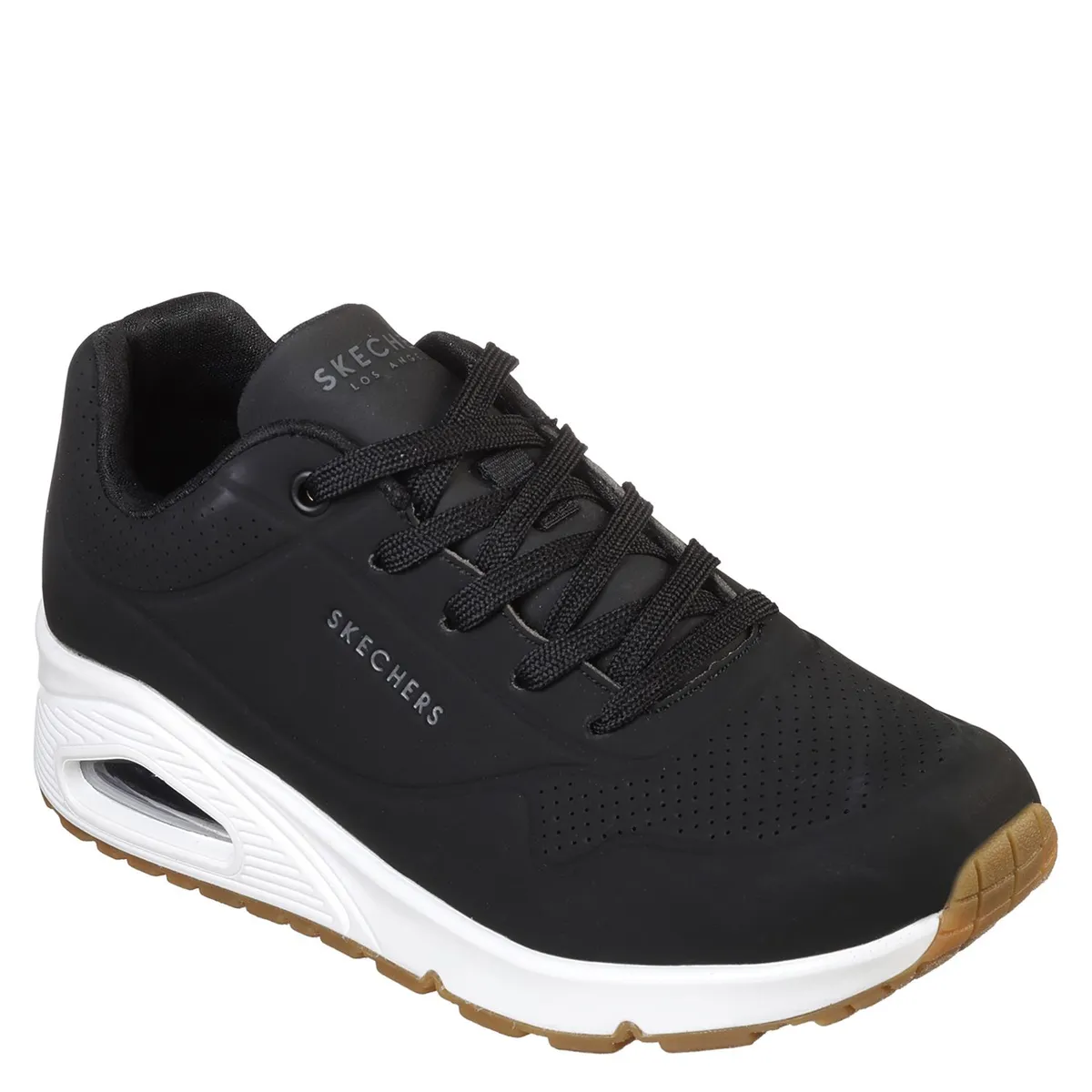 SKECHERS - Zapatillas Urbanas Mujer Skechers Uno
* * *
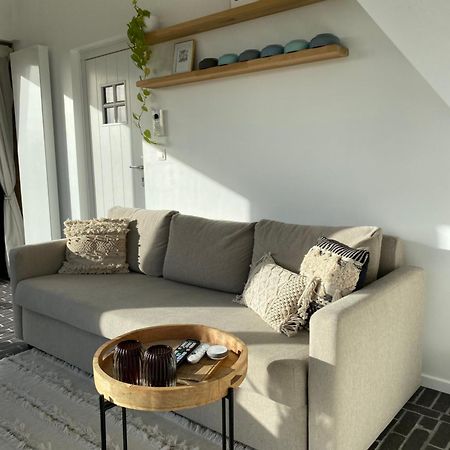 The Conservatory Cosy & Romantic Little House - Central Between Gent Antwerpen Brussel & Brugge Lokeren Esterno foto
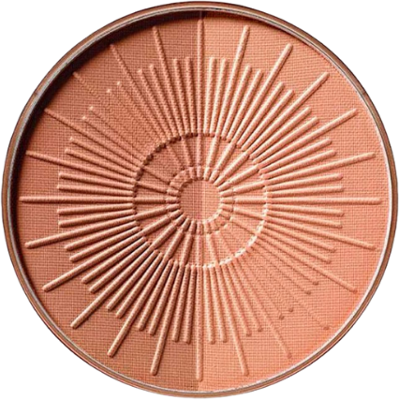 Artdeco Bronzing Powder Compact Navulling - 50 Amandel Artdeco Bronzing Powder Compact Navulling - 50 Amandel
--
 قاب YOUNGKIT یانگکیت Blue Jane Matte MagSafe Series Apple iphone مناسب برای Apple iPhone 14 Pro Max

= Task brief =
Exact repeat of the material above: every line from the one with "The Conservatory Cosy" through the one with "Artdeco Bronzing Powder Compact Navulling - 50 Amandel Artdeco", endpoints included, and nothing more. No pictures.

= Answer box =
 The Conservatory Cosy & Romantic Little House - Central Between Gent Antwerpen Brussel & Brugge Lokeren Esterno foto
 Artdeco Bronzing Powder Compact Navulling - 50 Amandel Artdeco Bronzing Powder Compact Navulling - 50 Amandel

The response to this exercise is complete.